FRANKFORT, Ky.—Lawmakers in the Kentucky Senate have successfully amended a sweeping child protection measure to include age verification requirements for adult websites or web platforms with content considered "harmful to minors."
House Bill (HB) 278, which was already advanced through the House of Representatives, originally prohibited school superintendents and administrators from hiring any person "convicted of an offense that would classify the person as a violent offender, a sex crime ... [or] who is required to register as a sex offender."
This portion of the bill also applies to some individuals charged with specific misdemeanors.
However, Republican Sen.
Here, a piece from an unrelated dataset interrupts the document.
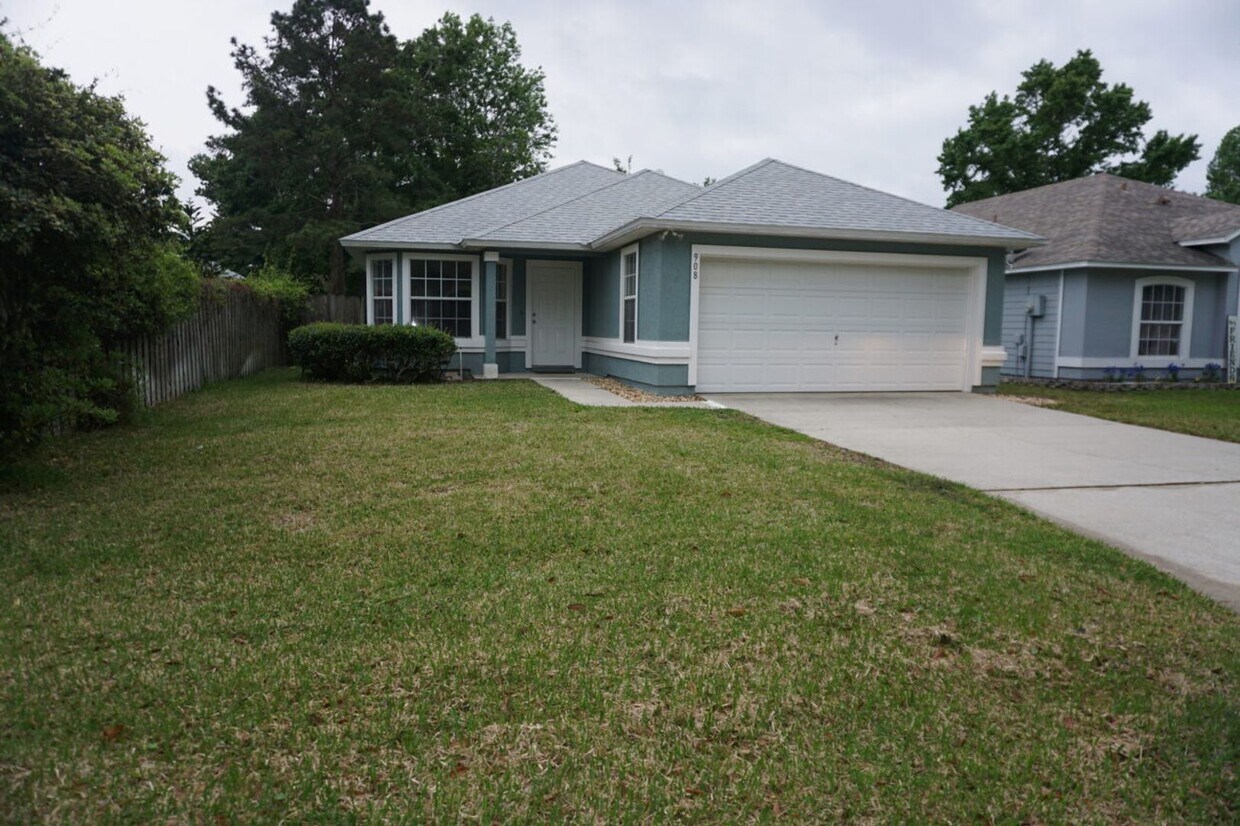 Primary Photo - 3 bedroom home in Julington Creek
Gex Williams of Verona on Tuesday introduced Senate Floor Amendment 3 and successfully advanced the bill through its third reading Wednesday with the amendment attached.
The Williams amendment reaffirms the Kentucky General Assembly's position that pornography is a public health crisis, despite the fact that porn is not considered a public health crisis by practitioners.
It also integrates copycat language, establishing age verification requirements targeting online platforms that host content reportedly "harmful to minors."
“The overall goal of this particular bill is to really get around to showing zero tolerance for child sexual assault, child sexual abuse, child pornography, and even human trafficking,” said proponent Sen. Donald Douglas, R-Winchester, on the Senate floor, via Kentucky Today online.
It provides for digital identification requirements, including government-issued ID cards and other "reasonable" measures like private and public transactional data.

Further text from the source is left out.